§ **SOURCE DATA**
((

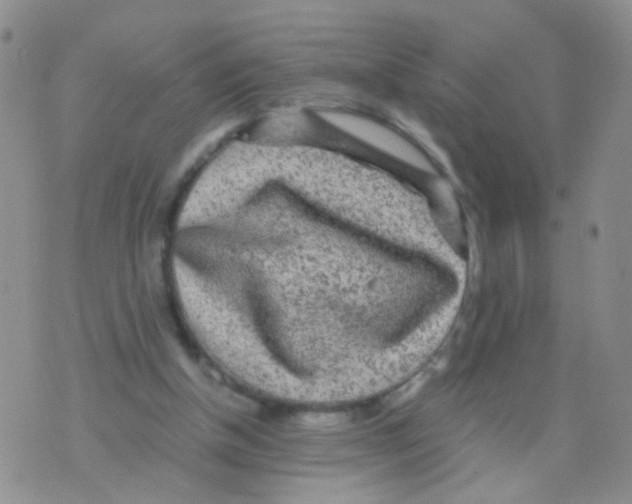 X0000075920154200610151915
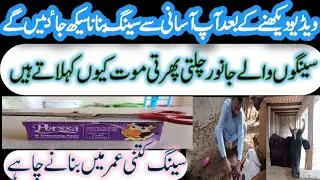 Dehorning calves with Perssa Tube ll Disbudding in calf ll sengh bnana ll بچھڑوں کے سینگ بنانا ll Dr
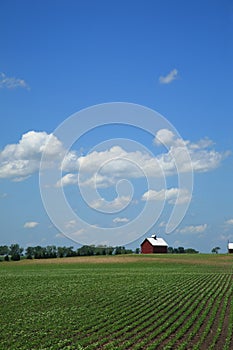 Farm, Crops and Red Barn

))

Print the full listing above again with exact wording and no images.

§ **WRITTEN ANSWER**
 X0000075920154200610151915
 Dehorning calves with Perssa Tube ll Disbudding in calf ll sengh bnana ll بچھڑوں کے سینگ بنانا ll Dr
 Farm, Crops and Red Barn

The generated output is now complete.